THE SOFTWARE IS PROVIDED "AS IS", WITHOUT WARRANTY OF ANY KIND, EXPRESS OR
IMPLIED, INCLUDING BUT NOT LIMITED TO THE WARRANTIES OF MERCHANTABILITY,
FITNESS FOR A PARTICULAR PURPOSE AND NONINFRINGEMENT. IN NO EVENT SHALL THE
AUTHOR BE LIABLE FOR ANY CLAIM, DAMAGES OR OTHER LIABILITY, WHETHER IN AN
ACTION OF CONTRACT, TORT OR OTHERWISE, ARISING FROM, OUT OF OR IN CONNECTION
WITH THE SOFTWARE OR THE USE OR OTHER DEALINGS IN THE SOFTWARE.
Except as contained in this notice, the names of the authors shall not be
used in advertising or otherwise to promote the sale, use or other dealings
in this Software without prior written authorization from the authors.
CPU2 Dynamic Mapping System and Extended Instruction Set instructions
02-Oct-18 JDB Replaced DMASK with D16_MASK or R_MASK as appropriate
02-Aug-18 JDB Moved FP and IOP dispatchers to hp2100_cpu1.c
30-Jul-18 JDB Renamed "dms_[rw]map" to "meu_read_map", "meu_write_map"
24-Jul-18 JDB Removed unneeded "iotrap" parameter from "cpu_iog" routine
07-Sep-17 JDB Removed unnecessary "uint16" casts
10-Jul-17 JDB Renamed the global routine "iogrp" to "cpu_iog"
26-Jun-17 JDB Replaced SEXT with SEXT16
22-Mar-17 JDB Corrected comments regarding IR bit 11 selecting A/B
25-Jan-17 JDB Set mp_mem_changed whenever MEM registers are changed
05-Aug-16 JDB Renamed the P register from "PC" to "PR"
24-Dec-14 JDB Added casts for explicit downward conversions
09-May-12 JDB Separated assignments from conditional expressions
11-Sep-08 JDB Moved microcode function prototypes to hp2100_cpu1.h
05-Sep-08 JDB Removed option-present tests (now in UIG dispatchers)
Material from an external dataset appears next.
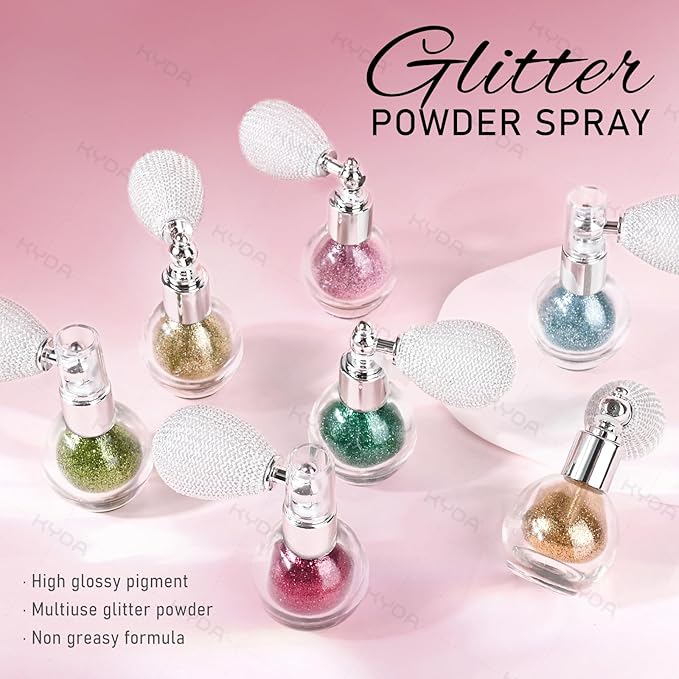 KYDA Glitter Powder Spray, Loose Shimmer Powder, Highlighter Spray Makeup for Face Body Hair, Lasting Glitter Hairspray, Cosmetic Sparkling Body Makeup, Pale Golden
05-Aug-08 JDB Updated mp_dms_jmp calling sequence
Fixed DJP, SJP, and UJP jump target validation
30-Jul-08 JDB RVA/B conditionally updates dms_vr before returning value
19-Dec-06 JDB DMS self-test now executes as NOP on 1000-M
01-Dec-06 JDB Substitutes FPP for firmware FP if HAVE_INT64
26-Sep-06 JDB Moved from hp2100_cpu1.c to simplify extensions
22-Feb-05 JDB Fixed missing MPCK on JRS target
21-Jan-05 JDB Reorganized CPU option and operand processing flags
Split code along microcode modules
15-Jan-05 RMS Cloned from hp2100_cpu.c
Primary references:
- HP 1000 M/E/F-Series Computers Technical Reference Handbook
(5955-0282, March 1980)
- HP 1000 M/E/F-Series Computers Engineering and Reference Documentation
(92851-90001, March 1981)
- Macro/1000 Reference Manual
(92059-90001, December 1992)
Additional references are listed with the associated firmware
implementations, as are the HP option model numbers pertaining to the
applicable CPUs.
*/
#include "hp2100_defs.h"
#include "hp2100_cpu.h"
#include "hp2100_cpu_dmm.h"
/* Dynamic Mapping System.
The 1000 Dynamic Mapping System (DMS) consisted of the 12731A Memory
Expansion Module (MEM) card and 38 instructions to expand the basic 32K
logical address space to a 1024K physical space. The MEM provided four maps
of 32 mapping registers each: a system map, a user map, and two DCPC maps.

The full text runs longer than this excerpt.